Ojo Gumunan

Nasehat jaman "dingin" itu masih saja mencocok-i meski di era teknologi informasi masa kini, bahkan sampai nanti rasanya.

Pesan yang sederhana itu sebetulnya punya muatan yang adiluhung. Ianya mengingati kita untuk tidak mudah takjub akan sesuatu ataupun sosok atau apapun. Dengan tidak gampang silau itulah maka kita bisa menyikapi sesuatu lebih berimbang.

Teringat beberapa tahun lalu ketika kita tengah asyik ngobrol kosong setengah-setengah isi di lobi ruang tamu pabrik di Merak yang sudah laiknya ritual harian pasca makan siang. Seperti jamaknya model obrolan seperti itu, tema bisa berlompatan kesana kemari. Beralihnya itu bisa tak terduga. Dan itu terjadi ketika tiba-tiba saja tema berubah ke agama. Karena para pengabab itu semuanya muslim tentu bahasannya tentang keislaman.

Salah satu orang yang terlibat dalam anjangsana itu termasuk sosok penting dalam organisasi. Dialah sang Pabrik figur. Seorang yang karirnya menanjak begitu tajam yang kelak di kemudian hari berhasil menduduki posisi direktur, Operation Director. Ra gemen-gemen kuwi.

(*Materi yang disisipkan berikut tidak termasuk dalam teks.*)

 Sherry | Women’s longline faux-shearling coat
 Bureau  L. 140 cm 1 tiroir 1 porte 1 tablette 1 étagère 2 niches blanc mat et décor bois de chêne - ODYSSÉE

Beliau yang semenjak awal hanya mendengarkan saja tiba-tiba bersuara memberi opini:
"Gampang saja...kalau mau melihat Islam yang benar ya lihat saja apa yang dipraktekkan di Makkah atau Madinah Arab Saudi itu"

Sontak pernyataan itu menuai tanggapan, yang tentu beragam. Namun satu orang yang tengah menempuh studi Antropologi strata 2 itu spontan saja memberikan bantahan. Ketak sepakatan penilaian itu ia sampaikan dengan lugas:
"Wah ya ngga bisa otomatis begitu. Kita harus melihat saat ini faham penguasanya seperti apa? Kalau saja disana fahamnya seperti NU yang di Indonesia tentu akan berbeda. Bukankah kenyataannya di dalam Islam cukup banyak interpretasi tentangnya?"
Dan pak bosnya itu lantas terdiam, dengan senyum paksaan yang tipis dan sedikit masam beliau terlihat ingin menanggapi balik tetapi ditahannya. Tentu beliau punya referensi dan sandaran yang kokoh juga. Lha masa sih ngga?

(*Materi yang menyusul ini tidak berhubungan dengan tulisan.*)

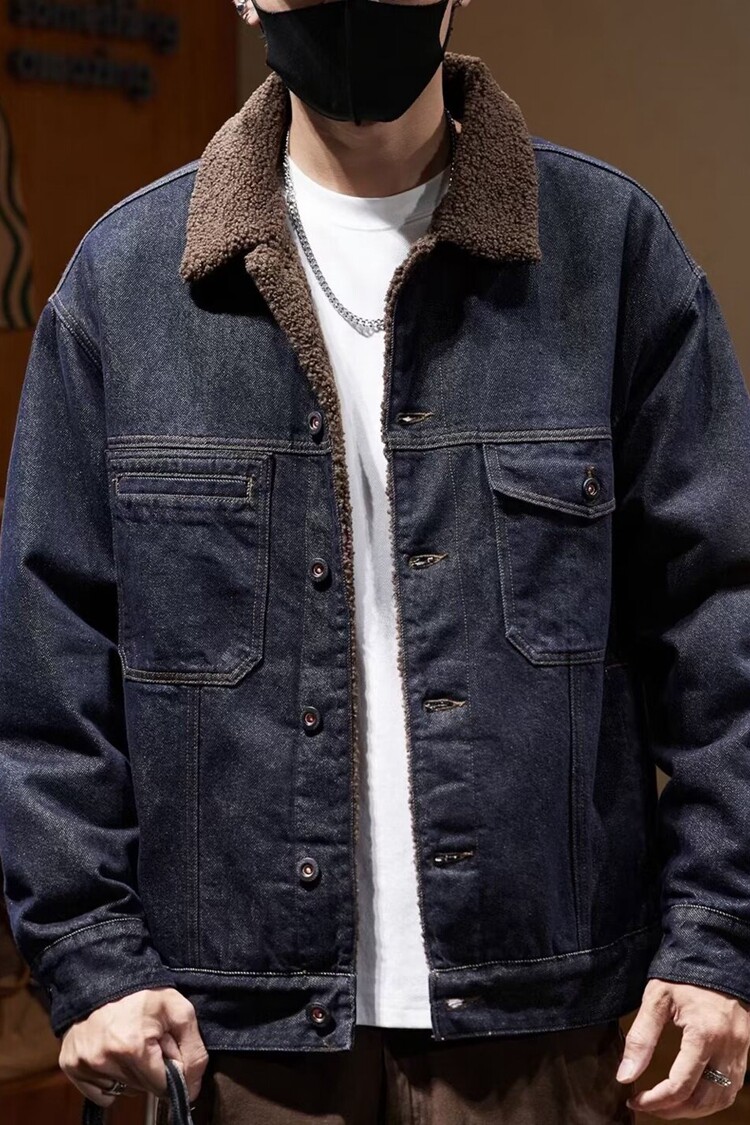 美式复古加绒加厚牛仔外套男2025冬季潮牌宽松羊羔绒保暖棉服夹克,男装工装外套,星座218-8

Kasus di atas itu hanyalah sebuah contoh tentang betapa kita bisa sangat sederhana dalam berkesimpulan. Dari praktek keagamaan yang dilakukan sebuah aliran pemahaman yang "kebetulan" tinggal dan "menguasai" tempat yang disucikan itu bisa ditarik kesimpulan tertentu, yang lalu menafikan banyak faktor lain dan latar belakangnya, dimana tingkat pentingnya juga tidak kalah nilainya.

Hal semisalan kasus demikian itu, tentang -nggumunan- ketakjuban bermuatan asumsi yang lalu men-simplifikasi permasalahan kerap terjadi dalam keseharian.
Mari tengok saja tentang ketakjuban kita pada dandanan, pada simbol-simbol dan atribut yang dikenakan. Seringkali keanggunan sebuah dandanan menyihir kita hingga apa yang dilakukan atau dikatakannya itu kita menganggapnya suatu kebenaran semata. "Mana mungkin orang sesaleh itu berhasrat menipu?"

Atau tentang kita yang suka terbuai dengan retorika-retorika manis penuh muatan nilai-nilai dan nampak begitu logis. Lalu kita menganggap pastilah sang retoris itu akan menetapi apa yang diucapkannya.

Yang demikian itu sah-sah dan boleh-boleh saja asal tidak dijadikan suatu setandar kebenaran yang lalu memaksakan kepada orang lain untuk bersikap dan berpikiran yang sama.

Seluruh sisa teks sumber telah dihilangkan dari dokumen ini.